## YOUR GOAL
Omitting every picture, output the records below exactly, please.

## DATA FOR ANALYSIS
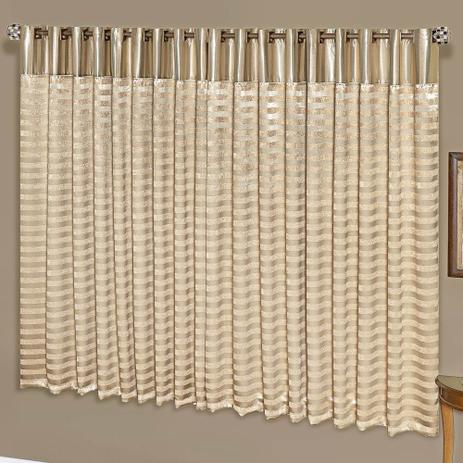 Cortina Blackout Berlim 3,00m X 2,50m - Bronze - A decorativa Menor preço em Cortina Blackout Berlim 3,00m X 2,50m - Bronze - A decorativa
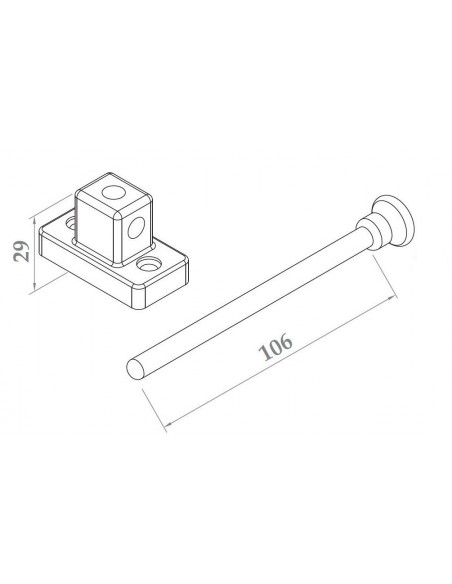 Safety pistons for sliding doors and windows Safety pistons for sliding doors and windows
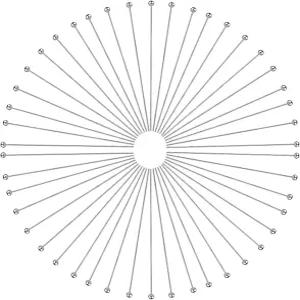 200 PCS 스테인리스 스틸 헤드 핀 주얼리 제작용 긴 70mm 스트레이트 실버 볼 발견 비즈 귀걸이 목걸이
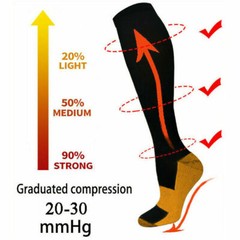 Copper Infused Compression Socks – Support Stockings with Odor Control S-XXL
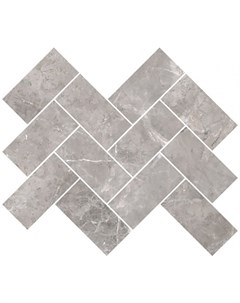 Мозаика Marmori Шеврон Холодный Греж 28x31 5 см Vitra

## TASK SOLUTION
 Cortina Blackout Berlim 3,00m X 2,50m - Bronze - A decorativa Menor preço em Cortina Blackout Berlim 3,00m X 2,50m - Bronze - A decorativa
 Safety pistons for sliding doors and windows Safety pistons for sliding doors and windows
 200 PCS 스테인리스 스틸 헤드 핀 주얼리 제작용 긴 70mm 스트레이트 실버 볼 발견 비즈 귀걸이 목걸이
 Copper Infused Compression Socks – Support Stockings with Odor Control S-XXL
 Мозаика Marmori Шеврон Холодный Греж 28x31 5 см Vitra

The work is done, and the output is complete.